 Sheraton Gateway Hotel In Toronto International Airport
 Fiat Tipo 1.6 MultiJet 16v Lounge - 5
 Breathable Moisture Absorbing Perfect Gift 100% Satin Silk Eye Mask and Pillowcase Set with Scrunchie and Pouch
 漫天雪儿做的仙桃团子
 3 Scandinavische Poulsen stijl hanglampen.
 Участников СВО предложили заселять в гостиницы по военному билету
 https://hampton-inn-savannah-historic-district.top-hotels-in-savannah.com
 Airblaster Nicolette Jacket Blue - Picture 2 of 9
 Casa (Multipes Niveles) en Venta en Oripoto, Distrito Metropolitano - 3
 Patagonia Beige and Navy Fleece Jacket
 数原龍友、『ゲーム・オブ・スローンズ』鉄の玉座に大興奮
------------------------------------------------------------------------
Each line from the first line of the listing through the line with "Участников СВО предложили" must be output exactly, both ends included, and no other line may appear.

**Your solution**
 Sheraton Gateway Hotel In Toronto International Airport
 Fiat Tipo 1.6 MultiJet 16v Lounge - 5
 Breathable Moisture Absorbing Perfect Gift 100% Satin Silk Eye Mask and Pillowcase Set with Scrunchie and Pouch
 漫天雪儿做的仙桃团子
 3 Scandinavische Poulsen stijl hanglampen.
 Участников СВО предложили заселять в гостиницы по военному билету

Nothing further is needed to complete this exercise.